Greg Bernhardt said:
Thanks @Ackbach, what physics forum can we move this to?
STEM Educators and Teaching, I think.

Greg Bernhardt
The derivation in post #1 could be streamlined a bit. As already shown, one gets the expression for the speed squared using energy conservation, $$v^{2}= \frac{10g}{7}[h-x \sin( \theta)].$$The acceleration in the ##x## direction (along the incline) is $$a=\frac{dv}{dt}=\frac{dv}{dx}\frac{dx}{dt}=v\frac{dv}{dx}=\frac{1}{2}\frac{d}{dx}\left(v^2\right)=\frac{1}{2} \frac{10g}{7}[- \sin( \theta)]=-\frac{5g}{7}\sin(\theta).$$Assuming that ##v_0=0## and since the acceleration is constant, it follows that $$x(t)=x_0-\frac{5g}{14}\sin(\theta)~t^2.$$

pbuk, PeroK and Ackbach
kuruman said:
The derivation in post #1 could be streamlined a bit. As already shown, one gets the expression for the speed squared using energy conservation, $$v^{2}= \frac{10g}{7}[h-x \sin( \theta)].$$The acceleration in the ##x## direction (along the incline) is $$a=\frac{dv}{dt}=\frac{dv}{dx}\frac{dx}{dt}=v\frac{dv}{dx}=\frac{1}{2}\frac{d}{dx}\left(v^2\right)=\frac{1}{2} \frac{10g}{7}[- \sin( \theta)]=-\frac{5g}{7}\sin(\theta).$$Assuming that ##v_0=0## and since the acceleration is constant, it follows that $$x(t)=x_0-\frac{5g}{14}\sin(\theta)~t^2.$$
True, no doubt. There might be a very few students who could do that trick, but I doubt there would be many. And as R. L. Moore would have said, let the student use any valid method they choose.

Ackbach said:
True, no doubt. There might be a very few students who could do that trick, but I doubt there would be many. And as R. L. Moore would have said, let the student use any valid method they choose.
I wholeheartedly agree. It is a simple "trick" that involves differentiation and avoids integration when the acceleration is constant.
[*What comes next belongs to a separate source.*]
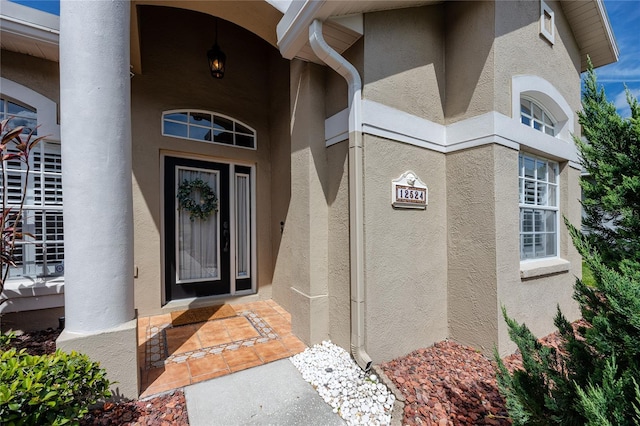 12524 Leatherleaf Dr, Tampa, FL 33626 - photo 5
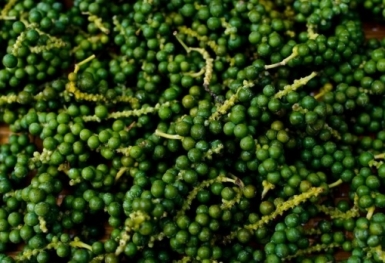 Giá tiêu hôm nay 18/9: Giữ ổn định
I routinely showed it to my students as an alternative and let them choose whatever method they felt comfortable with. Not exactly R. L. Moore's teaching style.

Ackbach
I've never taught maths or physics, but I like the idea of using a general moment of inertia of the form ##I = kmr^2##. Then finding that only ##k## is significant. I.e. rolling under gravity depends only on the shape of the object, not on its size or mass.

vela and kuruman
PeroK said:
##\dots~## rolling under gravity depends only on the shape of the object, not on its size or mass.

Ackbach said:
There might be a very few students who could do that trick, but I doubt there would be many.
I disagree. Differentiation using the chain rule is much simpler than integrating using a substitution - particularly if you are distracted by introducing the variable ## a ## to mean something other than acceleration - why would you choose that? Also it is all much easier if you ignore the "starting height" and just consider the difference in height which we can write immediately as ## (\sin \theta) x ##.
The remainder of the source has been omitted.